> To do
In the listing below, find the line with "Coqueto Con Piscina Y Parking By *" and copy every line from there up to and including the line with "2453 NE 51st St #D309 — Photo 12", exactly and without pictures.

> Data to process
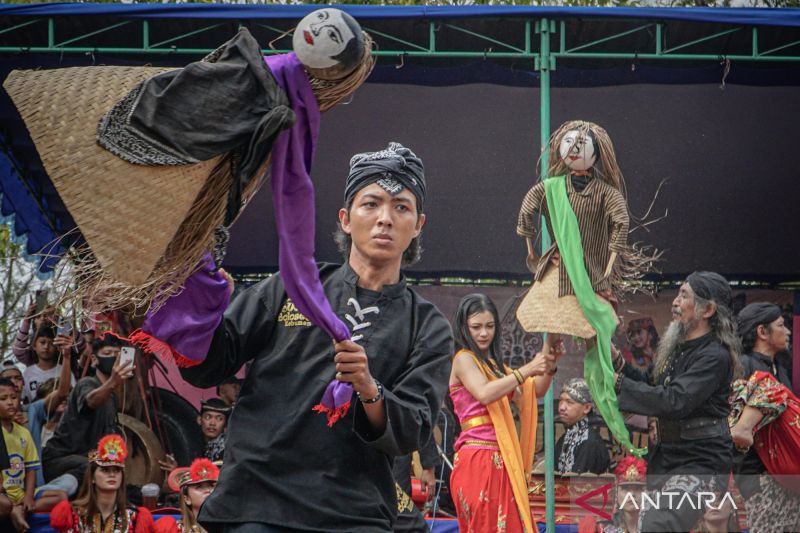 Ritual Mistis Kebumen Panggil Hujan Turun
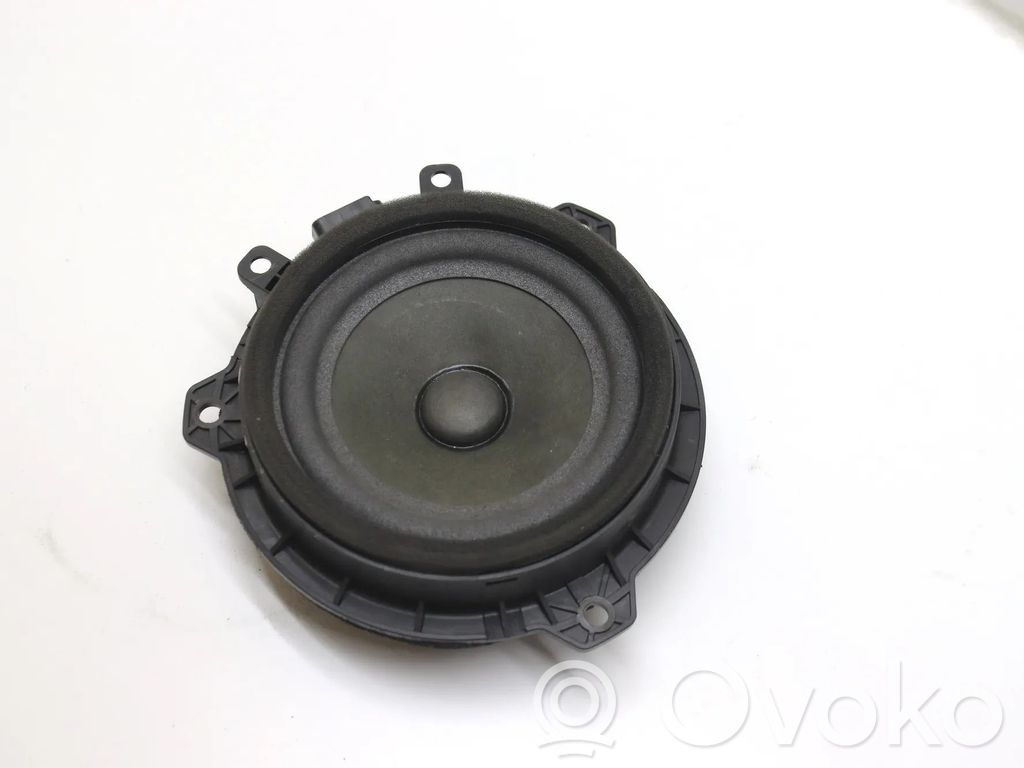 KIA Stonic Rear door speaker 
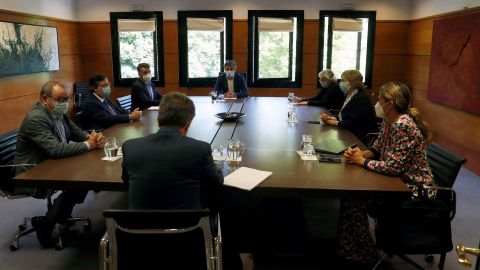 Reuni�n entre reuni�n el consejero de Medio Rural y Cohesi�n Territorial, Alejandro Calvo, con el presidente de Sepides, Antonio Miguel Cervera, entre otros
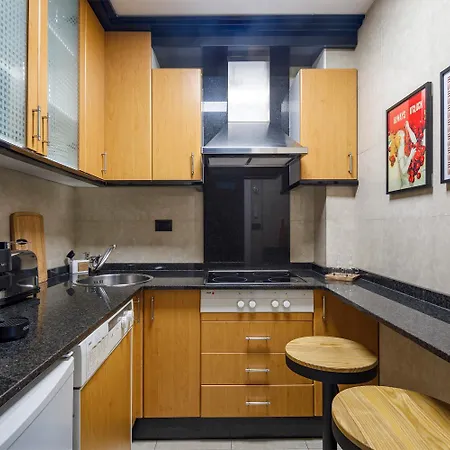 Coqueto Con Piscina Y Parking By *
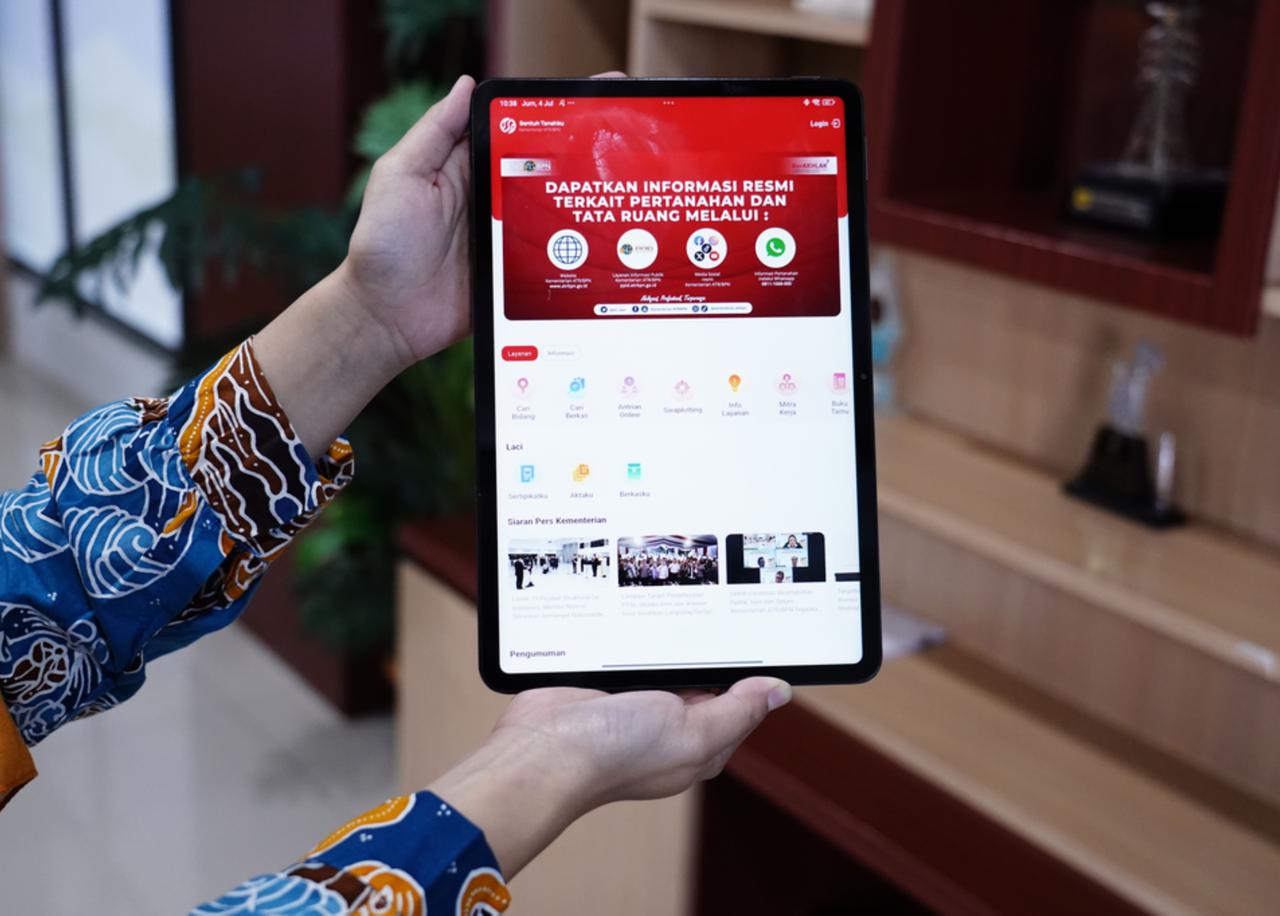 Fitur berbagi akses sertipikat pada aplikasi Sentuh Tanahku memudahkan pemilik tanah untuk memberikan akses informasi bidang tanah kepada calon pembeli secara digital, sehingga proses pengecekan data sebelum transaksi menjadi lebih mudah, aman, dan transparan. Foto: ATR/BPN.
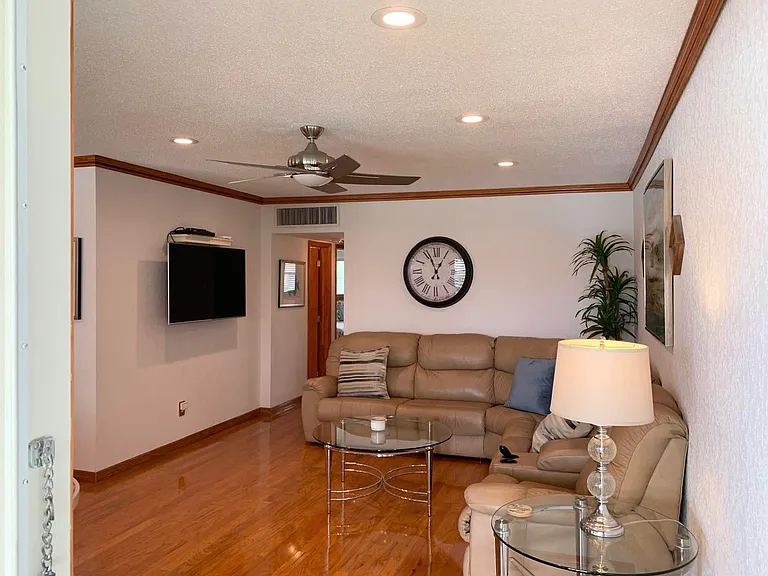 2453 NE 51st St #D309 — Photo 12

==

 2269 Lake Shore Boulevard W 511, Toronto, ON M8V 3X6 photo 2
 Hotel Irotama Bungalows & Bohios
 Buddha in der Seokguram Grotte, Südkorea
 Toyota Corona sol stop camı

> Response to the exercise
 Coqueto Con Piscina Y Parking By *
 Fitur berbagi akses sertipikat pada aplikasi Sentuh Tanahku memudahkan pemilik tanah untuk memberikan akses informasi bidang tanah kepada calon pembeli secara digital, sehingga proses pengecekan data sebelum transaksi menjadi lebih mudah, aman, dan transparan. Foto: ATR/BPN.
 2453 NE 51st St #D309 — Photo 12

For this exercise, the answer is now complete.